Cumartesi, Aralık 10, 2022

“TARİH DİRENİYOR” ve BAKAN DA DİRENİYOR

ODTÜ denilince, öncelikle nitelikli üniversite fikri düşünülse de, Canım Yurdumun bu yüzakı kuruluşu olarak, esasen “devrim” başta olmak üzere, özgürlük, hak ve adalet mücadelesinin zirvesi akla gelir bence. Bakmayın siz YÖK ile birlikte yok ettiklerini zannetmelerine, onun geçmişinde, üfürükoloji yerine üretilen pozitif bilim, yapılan test ve deneyler, Canım Yurdumun esenliği ve refahı için yazılan raporlar ve tezler vardır. İşte bu yüzden “muhalif” diye lanse edilir sürekli. Evet, müesses nizamın zapt-u raptına itiraz ise, direniş ise, muhalefet ise söz konusu olan, doğrudur.  Oysaki muhalif sıfatı ODTÜ’yü muhalif göstermeye çalışanların tutumudur ki, onlar ODTÜ’yü muhalif gibi gösterirken esasen pozitif bilime, muasır medeniyete, özgürlük talebine muhaliftirler ve bahsine dahi katlanamazlar.

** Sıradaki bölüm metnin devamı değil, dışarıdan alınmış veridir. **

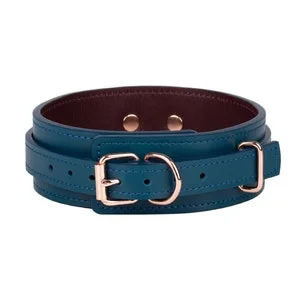 pornhint Pornhint Handmade Blue-Bordo Leather Custom Collar choker (792 color variations one price for all sizes, nickel-free hardware) anniversary gift.
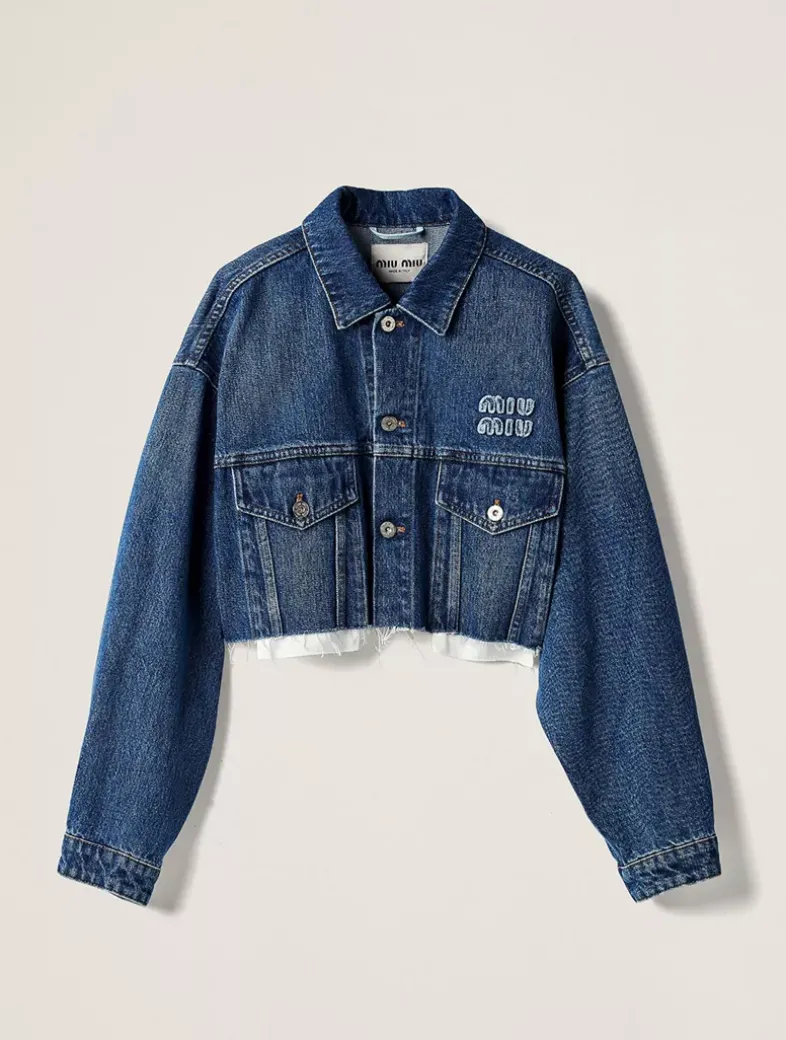 Denim Blouson Jacket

Büyük usta Nazım Hikmet’in bu muhteşem betimlemesini kendilerine bayrak edenlerin muktedirler tarafından kabullenmesi zaten hiçbir zaman beklenir değildir.

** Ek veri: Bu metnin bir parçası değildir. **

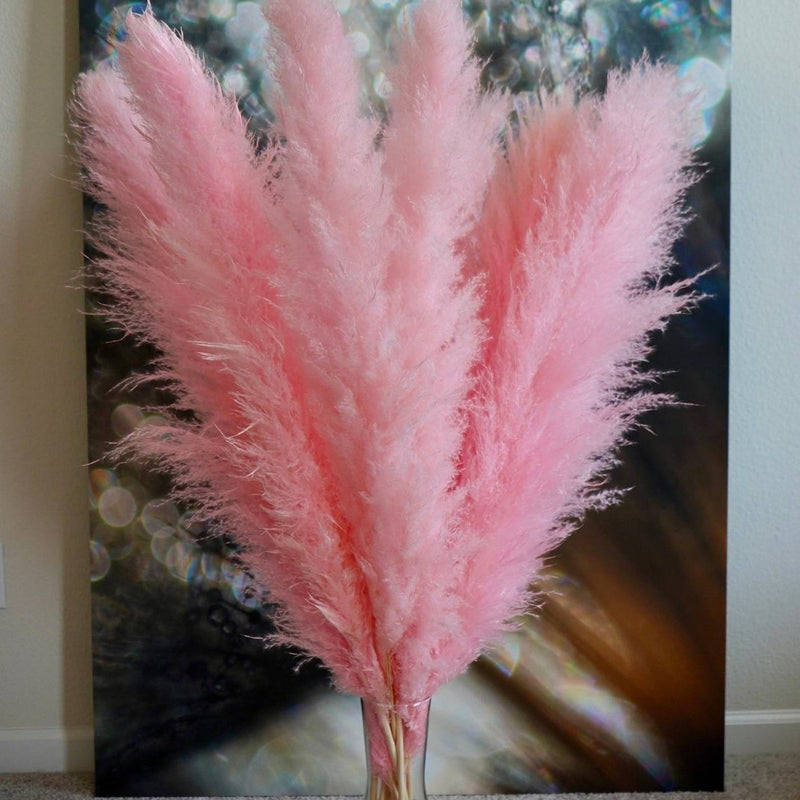 Reed dried flower bouquet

Onlar ümidin düşmanıdır sevgilim,

Akar suyun,

Meyve çağında ağacın,

Serpilip gelişen hayatın düşmanı.

Çünkü ölüm vurdu damgasını alınlarına:

- çürüyen diş, dökülen et -,

Bir daha geri dönmemek üzre yıkılıp gidecekler.

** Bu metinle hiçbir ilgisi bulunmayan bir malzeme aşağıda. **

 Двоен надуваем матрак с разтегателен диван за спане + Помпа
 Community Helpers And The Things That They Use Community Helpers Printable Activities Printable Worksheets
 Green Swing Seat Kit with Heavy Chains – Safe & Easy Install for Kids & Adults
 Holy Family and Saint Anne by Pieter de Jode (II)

Ve elbette ki, sevgilim, elbet,

Dolaşacaktır elini kolunu sallaya sallaya,

Dolaşacaktır en şanlı elbisesiyle: işçi tulumuyla

Bu güzelim memlekette hürriyet…

Gecikmeli de olsa, yazar Yalçın Bürkev tarafından, yaklaşık 100 ODTÜ’lü akademisyen, çalışan ve ağırlıklı öğrencilerinin anı ve değerlendirmelerinin bir araya getirilmesiyle oluşturulan,  “ODTÜ Tarih Direniyor” isimli kitabı okuyorum, adeta canım yurdumun son 70 yılının tarihi resmigeçidi gibi… ODTÜ üzerinden memleketi anlama sanatı… 

“Kuruluşunda ABD rolü” başlıklı değerlendirmesi ile meslek büyüğümüz ve öncümüz ve ilk rektör yardımcısı olan Uğur Ersoy, her daim müthiş anlatımlarından birini daha gerçekleştiriyor. “ODTÜ fikrinin doğması ise ilginçtir. Charles Abrahams diye birisi uzman olarak İmar Bakanlığı’na geliyor. Adamın en büyük şikâyeti Türkiye’de o zaman hiç şehircilik uzmanı olmaması. Bulvar Palas’ta bir bakanlık yetkilisiyle yemek yerken, adam diyor ki, “ben Birleşmiş Milletler’den bir fon çıkarmaya çalışayım, bir şehircilik okulu kurulsun burada.” Yandaki masada ise Vecdi Diker adama kulak misafiri oluyor, masaya geliyor ve diyor ki, “Kusura bakmayın, konuşmanızı duydum. Niye küçük düşünüyorsunuz?”. Vecdii Diker Karayolları’nı kuran adam, mühendis. Müthiş bir hayal gücü var ve aynı zamanda da icraatçı. Türkiye’de daha sonra otomotiv sanayini de kuran adamlardan. “çok zor bu dediğiniz” falan diyorlar, o da diyor ki, “zoru başarmak lazım. Her branş olsun. İdari İlimler Fakültesi de olsun, - o zamanlar İdari İlimler Fakültesi yok- Türkiye’de, işte şu fakülte, bu fakülte olsun.” Bazıları hayal olarak görüyor bunları o zamanlar. Fakat bunlar Amerika’ya gidiyorlar. İlginç bir adam var, senatör Harold Stassen, aslında akademisyen.” diye ODTÜ fikrinin ortaya çıkışını anlatıyor. Hatırat ve değerlendirme yazısı bir hayli uzun, ilgi duyanlar kitabı temin edip tüm detayları okuyabilirler. Hülasa, ODTÜ bir ABD projesidir, lakin ODTÜ Akademisyenleri ve öğrencileri yerli ve milli yaparlar hem de siyasi tüm karşı çıkışa rağmen. Derken, 27 Mayısta bir askeri darbe olur, memleket “deray” edilmiştir. ODTÜ de bundan nasiplenir haliyle, her şeye rağmen darbeciler ODTÜ’ye ilk defa, denilebileceği kadar, yerli ve milli bir rektör atarlar, Turhan Feyzioğlu yeni rektördür artık. Ancak bir gün ağızdan mı kaçıyor yoksa bilinçle mi söyleniyor bilinmez, lakin yeni rektör Feyzioğlu laf arasında, “Beyler ben buraya ne görevle geldim biliyor musunuz, burayı olaysız kapatmak için” dedikten sonra “ama burayı gördükten sonra buranın bir numaralı savunucusu olacağım” diyor bu yaşanan süreçte üniversiteyi Türkiyelileştiriyor.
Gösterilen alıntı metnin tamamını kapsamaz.